Jemma Lovell, from Shrewsbury, said her child Oz found out about drag when they saw snippets of her watching Ru Paul’s Drag Race and was immediately interested.
She told Metro that Oz began experimenting with makeup around the age of eight during their theatre lessons, and eventually said to her: “I understand how they feel. I don’t feel like a boy, Mummy.”
In August 2018 the whole family, which includes Oz’s father and sibling Willow, attended Chester Pride celebrations.
Lovell said: “We were in one of the tents, and Oz spent ages reading over posters that had all the different explanations of gender.

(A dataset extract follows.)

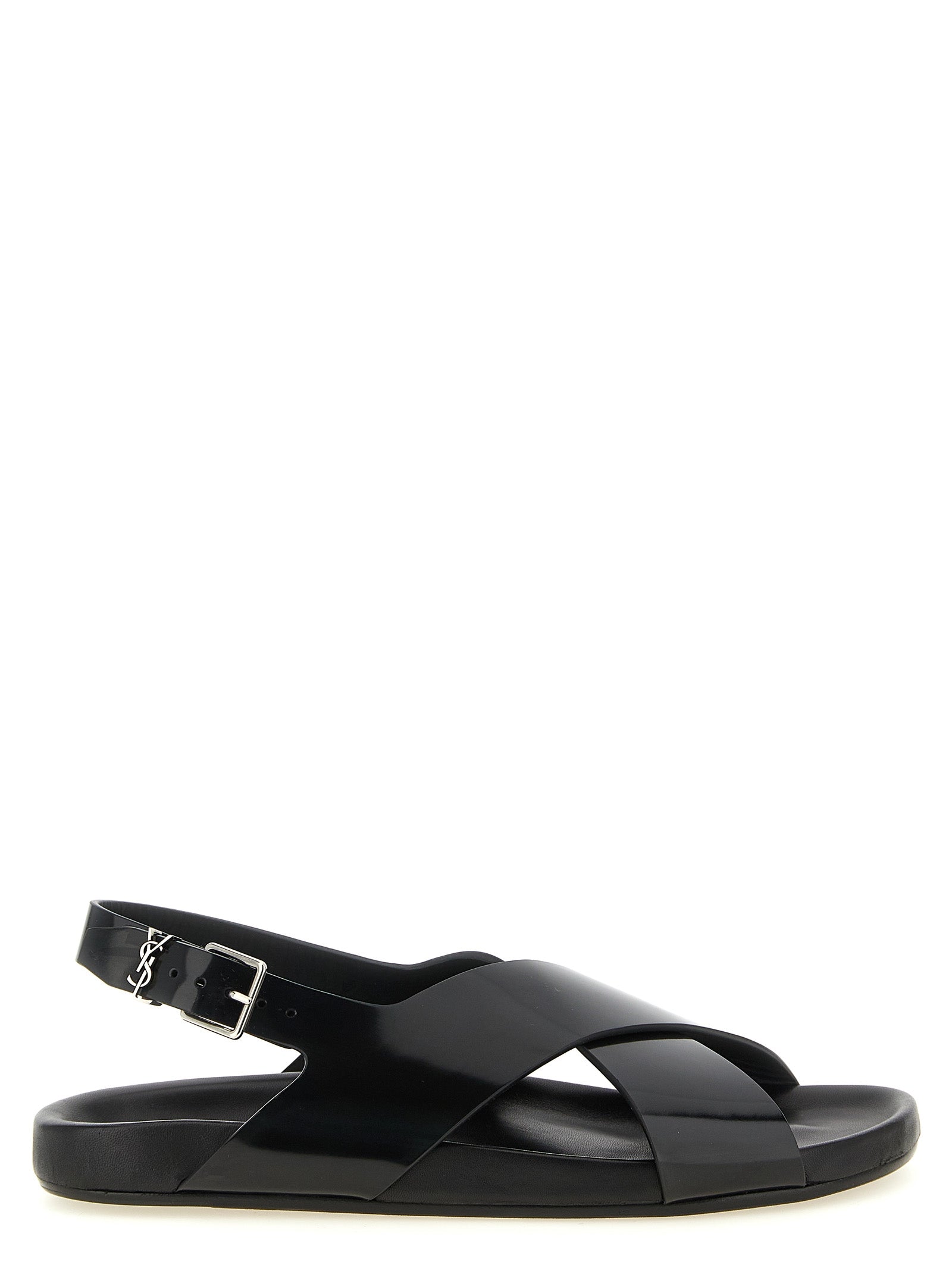 Saint Laurent Sandalen aus schwarzem Kalbsleder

“Eventually, they came and got me and pointed to one about being non-binary, telling me they didn’t feel like a boy or a girl and didn’t want to be a ‘he’ anymore, but rather a ‘they.’

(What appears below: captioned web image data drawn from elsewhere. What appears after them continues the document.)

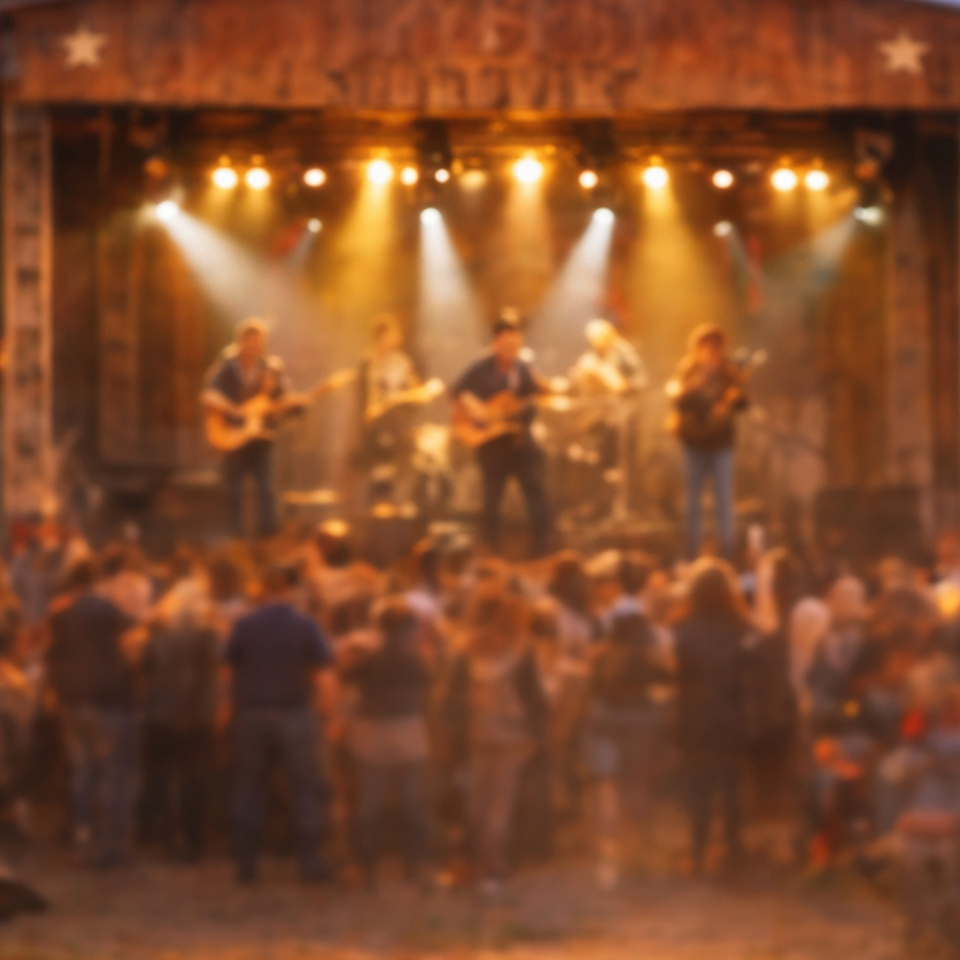 En publik ser ett liveband uppträda på en scen med starka lampor som lyser ner.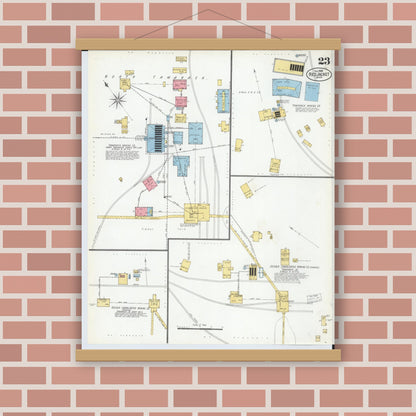 Old map wall art mockup — magnetic wood frame on brick wall — Sanborn Fire Insurance Map from Red Jacket, Houghton County, Michigan (1900), Sheet #0023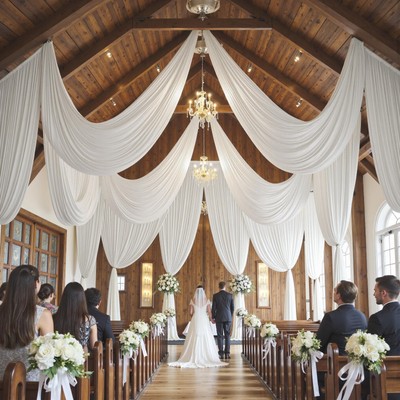 60ftx30ft White Ceiling Curtain for Wedding Parties   12 Panels Wrinkle-Free ...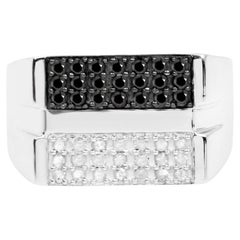 Diamond Cluster Ring Black White Sterling Silver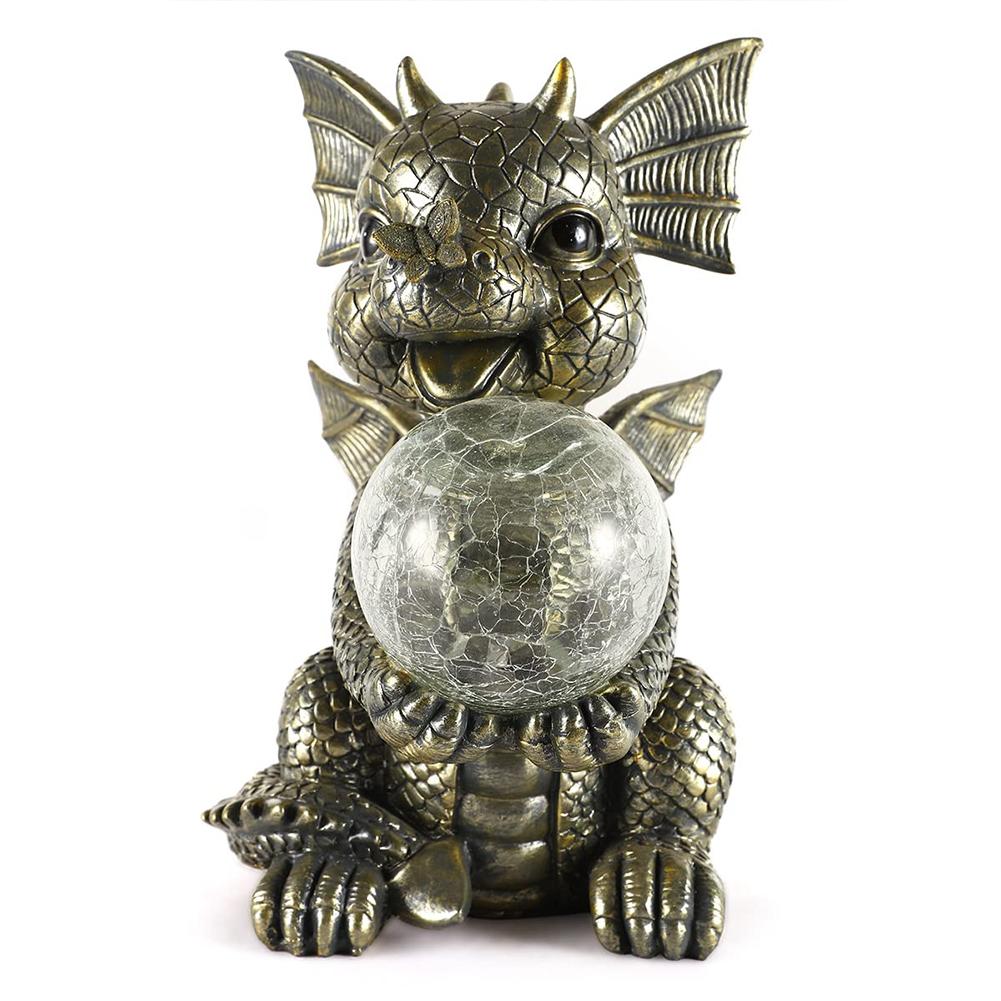Resin Adorable Baby Dragon Figurines with Solar Light Waterproof Garden Sculpture Cute Dragon Statue for Patio Yard Lawn Porch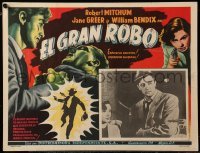 2s457 BIG STEAL Mexican LC R50s great close up of Robert Mitchum & Jane Greer, cool border art!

“It’s never been an issue in the family. We don’t know what’s going on in Oz’s head, but we want them to feel free to explore who they are.”
Since that day at Pride, Oz has expressed more and more interest in drag, and now has their own drag name: Ben Trulyoutrageous.
Oz’s mum helped them get in touch with other kids that do drag, and they have performed to friends and at local talent shows.
But Lovell said that while their family accepted non-binary, drag-loving Oz with open arms, other families were not so welcoming.
Other parents have said they believe that drag is sexual, and have even threatened to call social services on the family.
Lovell continued: “People tend to automatically sexualise drag, assuming Oz will come out dressed in hip pads and fake breasts, but we carefully vet everything to make sure that nothing is age-inappropriate.
“We make it clear Oz is still a child, no matter how high the heels or big the wig. When Oz puts on that dress and becomes Ben, it’s awe-inspiring to watch.
“I can see our child visibly glowing. It’s like they’re free, almost a heightened version of themselves. As parents, we don’t want Oz to be stigmatised for feeling different. Even if this is just a phase, we have allowed them to explore those feelings.”